# [WORK REQUEST]
Below are several entries. Transcribe exactly those lines that fall from the one with "1901 Ellery Ankle" through the one with "Illegal dumping at Hillwagt Tip, Kariega", end lines included.

(Crawled caption data)
▬▬▬
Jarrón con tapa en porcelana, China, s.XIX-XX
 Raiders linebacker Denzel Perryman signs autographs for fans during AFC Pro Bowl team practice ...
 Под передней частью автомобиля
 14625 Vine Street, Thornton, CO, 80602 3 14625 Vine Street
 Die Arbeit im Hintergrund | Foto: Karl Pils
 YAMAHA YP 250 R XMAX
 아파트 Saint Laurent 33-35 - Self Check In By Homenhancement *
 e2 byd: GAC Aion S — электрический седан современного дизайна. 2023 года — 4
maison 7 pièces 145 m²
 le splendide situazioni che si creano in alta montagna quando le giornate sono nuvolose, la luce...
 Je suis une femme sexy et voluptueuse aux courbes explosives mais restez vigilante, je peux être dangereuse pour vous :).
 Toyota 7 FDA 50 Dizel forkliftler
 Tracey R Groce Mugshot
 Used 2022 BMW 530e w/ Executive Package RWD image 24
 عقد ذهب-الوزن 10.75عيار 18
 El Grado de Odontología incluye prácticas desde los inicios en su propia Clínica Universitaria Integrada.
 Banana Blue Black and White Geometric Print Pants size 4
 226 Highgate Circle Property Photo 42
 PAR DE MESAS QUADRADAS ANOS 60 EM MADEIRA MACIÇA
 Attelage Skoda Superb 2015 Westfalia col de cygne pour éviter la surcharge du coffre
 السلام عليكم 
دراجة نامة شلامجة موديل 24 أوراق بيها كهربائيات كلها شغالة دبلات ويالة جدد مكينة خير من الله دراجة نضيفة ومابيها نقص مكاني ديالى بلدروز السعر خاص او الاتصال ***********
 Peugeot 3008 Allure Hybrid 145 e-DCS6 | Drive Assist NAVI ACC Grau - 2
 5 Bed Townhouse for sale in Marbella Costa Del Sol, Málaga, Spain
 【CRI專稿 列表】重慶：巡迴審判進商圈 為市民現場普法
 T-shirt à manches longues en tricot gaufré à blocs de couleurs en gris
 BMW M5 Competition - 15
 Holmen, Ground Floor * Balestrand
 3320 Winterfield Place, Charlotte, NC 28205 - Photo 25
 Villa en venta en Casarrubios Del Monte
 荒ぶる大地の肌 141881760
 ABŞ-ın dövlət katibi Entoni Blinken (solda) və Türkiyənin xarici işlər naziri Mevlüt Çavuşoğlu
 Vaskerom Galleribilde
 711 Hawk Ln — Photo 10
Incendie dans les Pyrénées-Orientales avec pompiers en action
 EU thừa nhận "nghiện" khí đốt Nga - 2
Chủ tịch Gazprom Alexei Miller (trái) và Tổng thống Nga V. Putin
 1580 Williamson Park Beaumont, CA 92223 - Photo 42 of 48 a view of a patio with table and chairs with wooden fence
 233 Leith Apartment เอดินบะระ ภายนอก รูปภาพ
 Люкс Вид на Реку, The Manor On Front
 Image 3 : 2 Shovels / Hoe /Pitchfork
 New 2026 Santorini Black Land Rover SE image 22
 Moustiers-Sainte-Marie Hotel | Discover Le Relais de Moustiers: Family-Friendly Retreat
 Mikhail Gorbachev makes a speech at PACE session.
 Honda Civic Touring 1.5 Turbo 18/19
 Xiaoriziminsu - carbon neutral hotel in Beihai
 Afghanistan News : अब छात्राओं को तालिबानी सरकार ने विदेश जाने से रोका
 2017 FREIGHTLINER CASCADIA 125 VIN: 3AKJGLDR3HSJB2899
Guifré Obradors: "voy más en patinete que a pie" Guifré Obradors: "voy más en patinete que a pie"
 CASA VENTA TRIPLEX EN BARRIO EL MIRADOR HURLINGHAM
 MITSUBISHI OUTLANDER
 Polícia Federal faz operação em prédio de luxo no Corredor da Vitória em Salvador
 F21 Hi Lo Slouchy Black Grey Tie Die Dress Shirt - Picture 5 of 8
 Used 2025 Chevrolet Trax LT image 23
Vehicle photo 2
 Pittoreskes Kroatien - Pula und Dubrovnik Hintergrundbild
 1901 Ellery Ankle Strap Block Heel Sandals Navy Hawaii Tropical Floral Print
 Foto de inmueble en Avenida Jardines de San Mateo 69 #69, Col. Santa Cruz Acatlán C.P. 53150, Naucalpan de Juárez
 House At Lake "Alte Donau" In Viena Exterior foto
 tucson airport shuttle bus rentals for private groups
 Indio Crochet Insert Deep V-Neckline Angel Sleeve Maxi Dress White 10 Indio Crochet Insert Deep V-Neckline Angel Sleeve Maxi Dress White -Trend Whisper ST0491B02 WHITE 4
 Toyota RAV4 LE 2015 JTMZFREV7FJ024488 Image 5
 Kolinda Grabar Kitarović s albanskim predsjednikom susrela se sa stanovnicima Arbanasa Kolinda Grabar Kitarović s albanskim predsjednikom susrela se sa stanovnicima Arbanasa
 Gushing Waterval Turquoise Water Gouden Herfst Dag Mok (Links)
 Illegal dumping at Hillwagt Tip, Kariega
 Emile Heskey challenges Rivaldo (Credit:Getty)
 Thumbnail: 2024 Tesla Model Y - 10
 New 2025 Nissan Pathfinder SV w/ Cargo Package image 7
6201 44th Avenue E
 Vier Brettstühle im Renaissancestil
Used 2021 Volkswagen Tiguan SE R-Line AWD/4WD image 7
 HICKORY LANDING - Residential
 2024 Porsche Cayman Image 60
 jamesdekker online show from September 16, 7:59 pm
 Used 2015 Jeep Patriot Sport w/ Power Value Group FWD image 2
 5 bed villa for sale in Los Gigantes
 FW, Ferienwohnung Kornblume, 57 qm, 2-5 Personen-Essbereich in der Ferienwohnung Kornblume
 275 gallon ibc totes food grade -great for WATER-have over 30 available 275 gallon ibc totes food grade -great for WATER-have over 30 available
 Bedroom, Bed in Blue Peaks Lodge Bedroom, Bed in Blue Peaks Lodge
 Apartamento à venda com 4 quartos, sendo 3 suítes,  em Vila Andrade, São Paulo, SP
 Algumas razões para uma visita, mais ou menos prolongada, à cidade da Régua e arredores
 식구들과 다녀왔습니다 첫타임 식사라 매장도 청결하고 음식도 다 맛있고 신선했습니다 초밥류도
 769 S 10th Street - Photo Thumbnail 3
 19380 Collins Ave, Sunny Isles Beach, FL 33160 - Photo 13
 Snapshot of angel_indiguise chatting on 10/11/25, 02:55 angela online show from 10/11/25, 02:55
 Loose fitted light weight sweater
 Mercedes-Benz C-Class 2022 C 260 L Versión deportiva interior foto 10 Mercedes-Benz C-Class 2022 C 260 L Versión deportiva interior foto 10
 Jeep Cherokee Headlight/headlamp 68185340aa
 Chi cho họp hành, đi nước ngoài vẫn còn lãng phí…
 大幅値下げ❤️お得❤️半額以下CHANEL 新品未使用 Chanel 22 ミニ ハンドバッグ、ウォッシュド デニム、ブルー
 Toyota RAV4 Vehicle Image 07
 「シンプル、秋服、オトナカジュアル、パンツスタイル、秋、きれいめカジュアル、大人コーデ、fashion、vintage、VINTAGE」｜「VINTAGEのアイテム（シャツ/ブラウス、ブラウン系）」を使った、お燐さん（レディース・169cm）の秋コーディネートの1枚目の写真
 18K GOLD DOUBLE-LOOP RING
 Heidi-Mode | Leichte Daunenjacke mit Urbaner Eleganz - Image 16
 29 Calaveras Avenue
▬▬▬
# [SOLUTION FOR THIS TASK]
 1901 Ellery Ankle Strap Block Heel Sandals Navy Hawaii Tropical Floral Print
 Foto de inmueble en Avenida Jardines de San Mateo 69 #69, Col. Santa Cruz Acatlán C.P. 53150, Naucalpan de Juárez
 House At Lake "Alte Donau" In Viena Exterior foto
 tucson airport shuttle bus rentals for private groups
 Indio Crochet Insert Deep V-Neckline Angel Sleeve Maxi Dress White 10 Indio Crochet Insert Deep V-Neckline Angel Sleeve Maxi Dress White -Trend Whisper ST0491B02 WHITE 4
 Toyota RAV4 LE 2015 JTMZFREV7FJ024488 Image 5
 Kolinda Grabar Kitarović s albanskim predsjednikom susrela se sa stanovnicima Arbanasa Kolinda Grabar Kitarović s albanskim predsjednikom susrela se sa stanovnicima Arbanasa
 Gushing Waterval Turquoise Water Gouden Herfst Dag Mok (Links)
 Illegal dumping at Hillwagt Tip, Kariega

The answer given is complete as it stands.